Historically, Australia has lagged behind the United States, western Europe and Asia-Pacific countries such as Singapore in backing regulation with powerful enforcement.
However, poor corporate conduct and increased global privacy protection measures are increasing the Australian community’s appetite for penalties, fees, and fines.
What implications does this newfound appetite for punishment have for Australian businesses?
They need only to look at overseas experiences for an idea. Over the last nine years, regulators have fined financial services businesses alone $342 billion for regulatory failures. This has erased an estimated $850 billion in profits for the top 50 global banks.1
This year, the European Union’s General Data Protection Regulation (GDPR) – that aims to protect the data and privacy of EU citizens– became enforceable.
According to the Office of the Australian Information Commissioner, the GDPR applies to Australian businesses with establishments in the EU or that provide goods and services to EU citizens anywhere in the world.
Breaches of compliance may incur penalties of up to 4% of global annual revenue and a enforced shutdown of EU operations.
However, for financial service organizations, fines may be only one aspect of punishment for risk management breakdowns.
Regulators may require them to keep more capital available to deal with failures, or demand they dedicate more skilled employees to the areas accountable for breaches.

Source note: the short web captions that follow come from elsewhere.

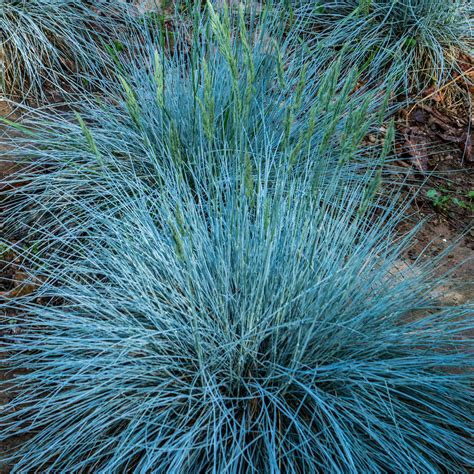Buy Festuca Glauca Intense Blue Fescue Evergreen Hardy Shrub Grass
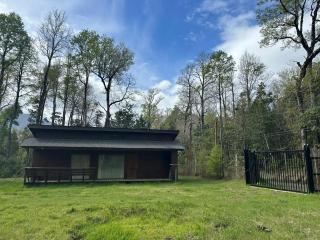 Cabañas del Bosque de Hualles - 0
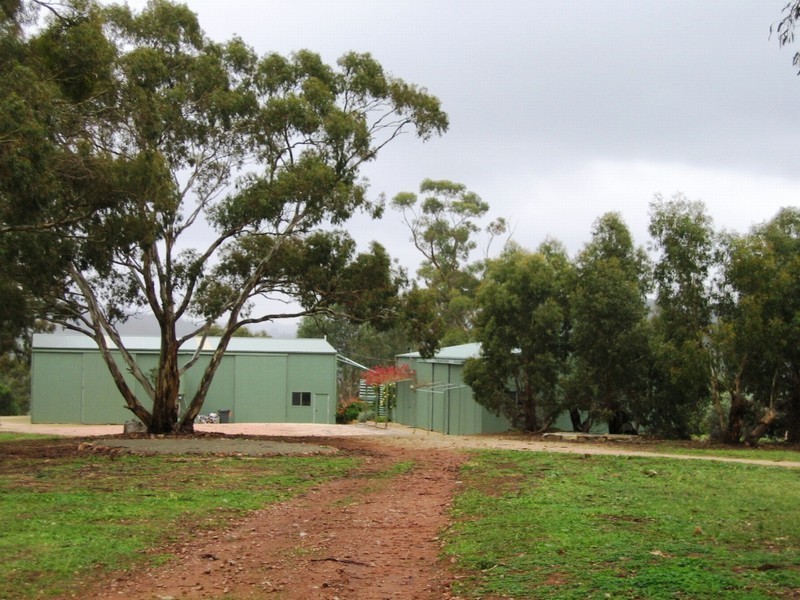 1 “Skilly  Hills” Farm, Auburn SA 5451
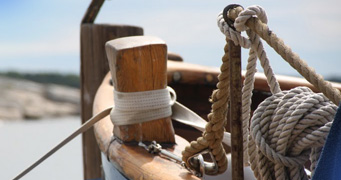 Bluenose contact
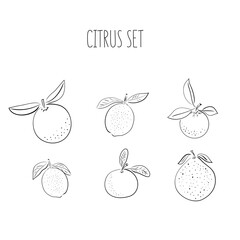 Set of hand drawn vector citrus, lemon, orange, lime, pomelo, tangerine and grapefruit fruits on light background. Sketch illustrashion.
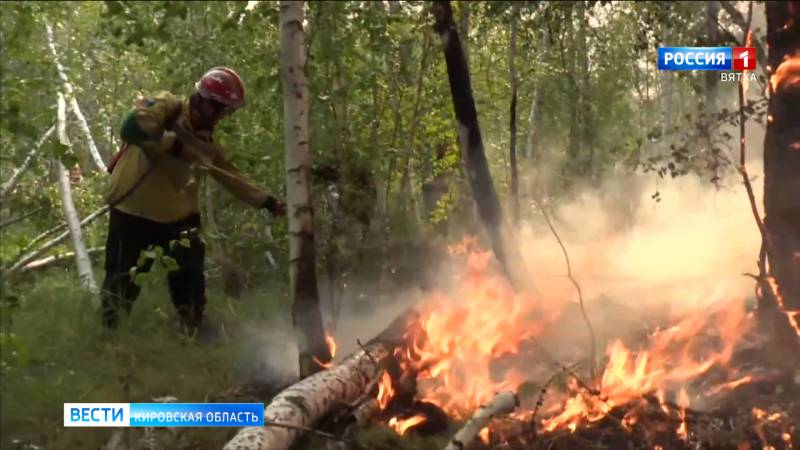 В лесах Кировской области объявлена высокая пожарная опасность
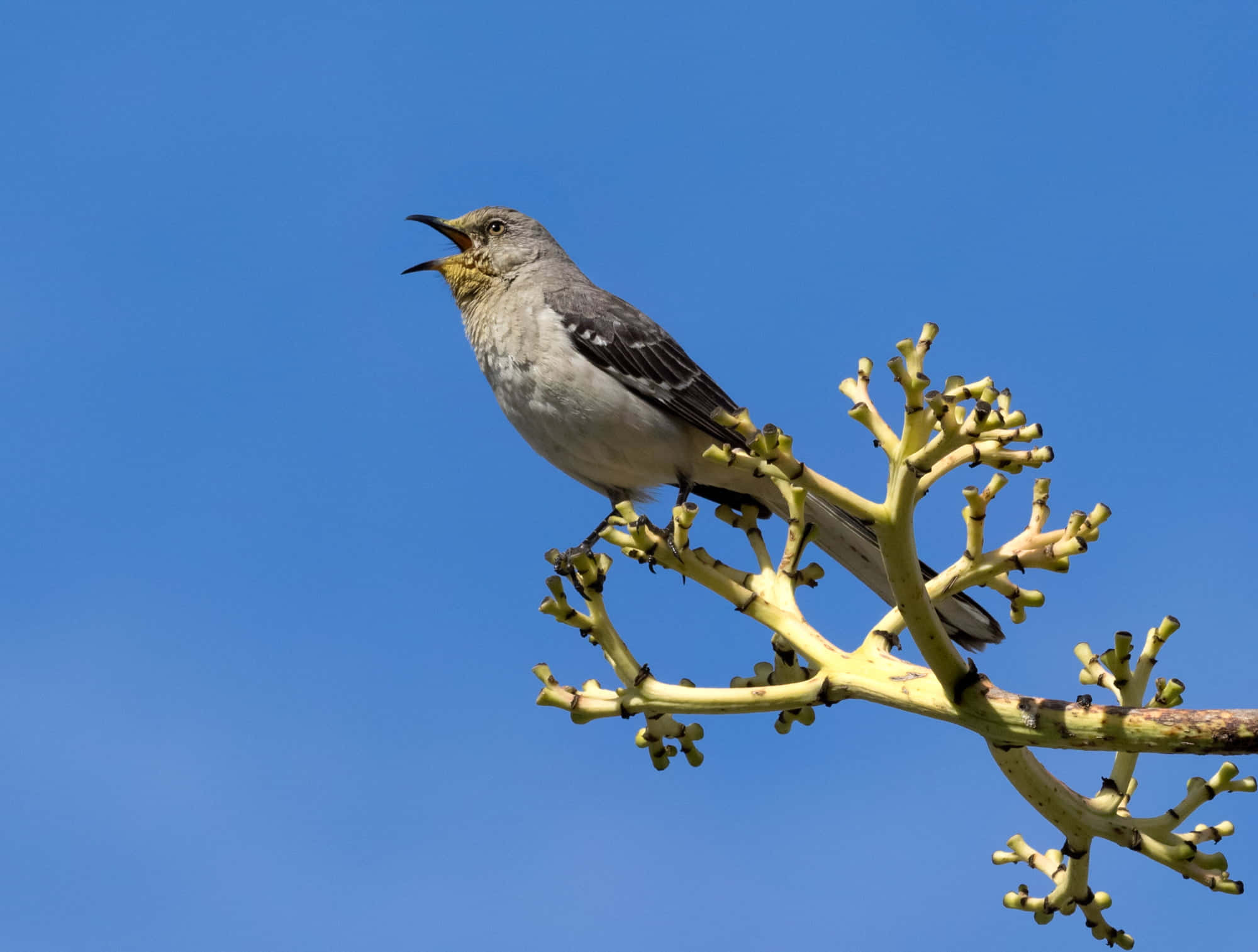 Birds Chirping, gray bird, yellow throat, Full HD Desktop Wallpaper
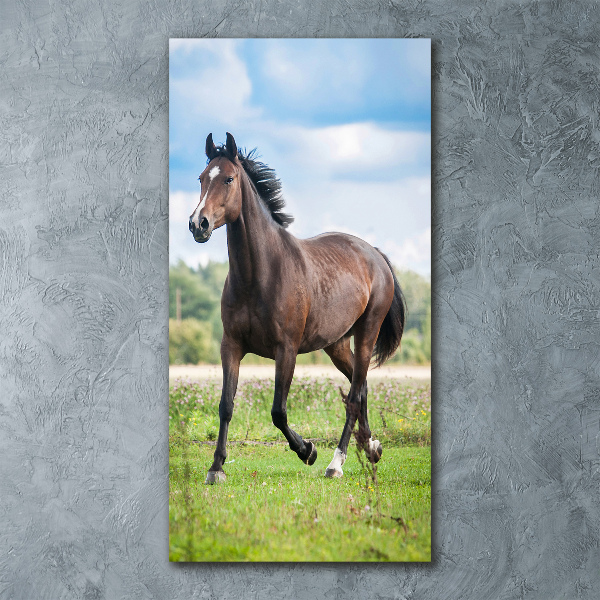 Staand foto op plexiglas Een paard in een veld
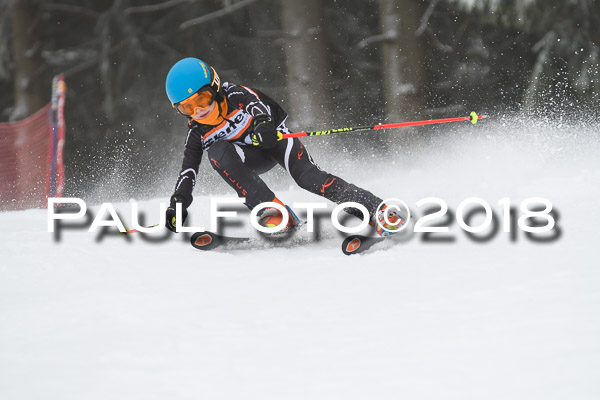 3. Ziener Cup RS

Failures in compliance or breaches of private data can also incur billions in losses to an organization’s market capitalization in public markets. The entire financial services industry is built on trust, and the reputational impacts of a failure can also be long reaching and hard to quantify.
With compliance breaches presenting a higher risk of sizeable fines or other enforcement actions, boards and executives are under pressure to make compliance a key priority.

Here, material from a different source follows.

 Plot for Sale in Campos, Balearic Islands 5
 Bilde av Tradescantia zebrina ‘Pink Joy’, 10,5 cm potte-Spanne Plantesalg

Big businesses – with the greatest resources and the most to lose from powerful enforcement – are scrambling to improve their compliance regimes. Other businesses are following suit.
Unsurprisingly, urgency in Australia is greatest in the financial services sector. Executives and boards are closely monitoring risk and compliance teams and allocating resources to upgrade their organisations’ capabilities in this area.

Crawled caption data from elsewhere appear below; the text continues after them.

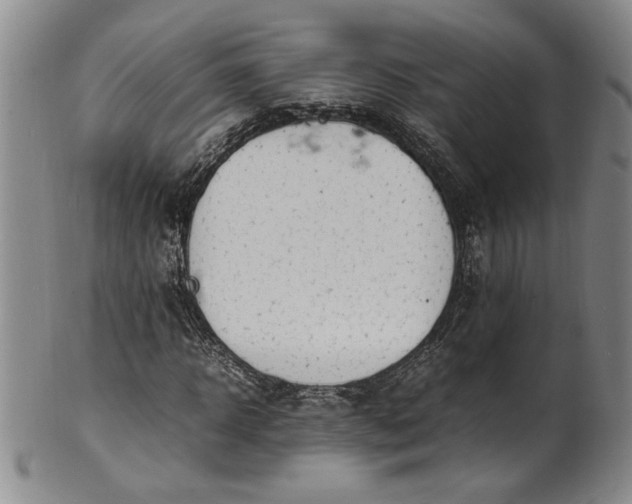 X0000100980918200807081240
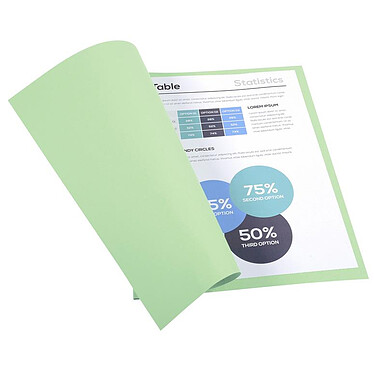 Avis EXACOMPTA Paquet de 100 chemises Forever® 220 100% recyclé 24x32cm Vert pré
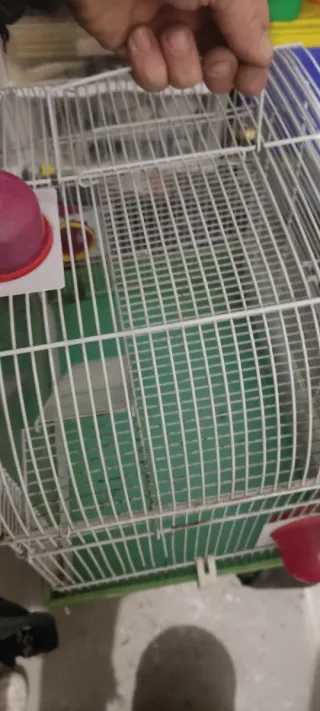 Jaula para hámster
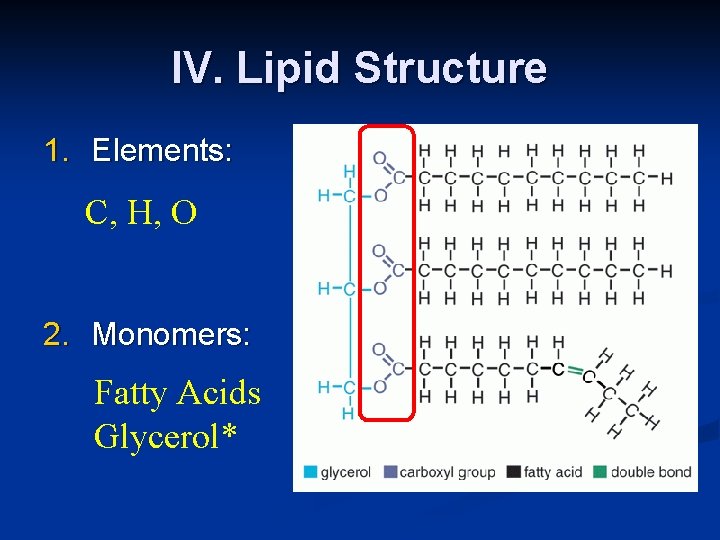 IV. Lipid Structure 1. Elements: C, H, O 2. Monomers: Fatty Acids Glycerol* 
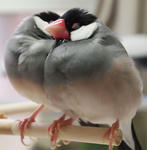 201223.jpg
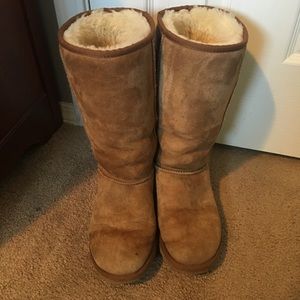 Tall Chestnut Uggs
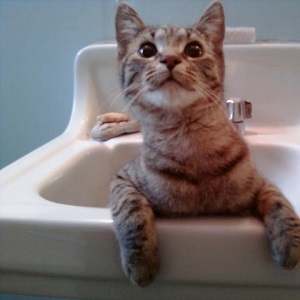 Cats in Sinks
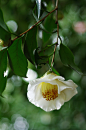 椿（つばき）
　「加茂本阿弥（かもほんあみ）」
　
Camellia japonica ‘Kamohon-ami’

So what are the key regulatory risks businesses in Australia should protect themselves against?
The first is cyber-security, including data breaches. Nearly every board is watching this issue closely and directors want to know how customer, employee and intellectual property data, and financial and operational information, is being secured.
The second – closely related – area of risk is regulatory failure, especially privacy breaches. Businesses are being required to comply with increasingly strict regulations and legislation governing the storage and handling of personal data.
The third is third- or fourth-party risk. This occurs when a business interacts with other organisations, and those organisations deal with other parties on behalf of that business. Boards and senior executive teams need to consider the implications of third or fourth parties operating in ways incompatible with their business’s values, culture or regulatory obligations.
This increasingly becomes an issue as more organizations outsource significant portions of their operations to third parties. Breaches involving third parties are on average 12% more costly to remediate, underscoring the need to continuously manage vendor risk.2
How can businesses identify risks in real time and respond in a coordinated fashion? The key is to create an integrated risk program across the organisation. This program needs to rest on a solid foundation that supports strategy, people, processes and technology.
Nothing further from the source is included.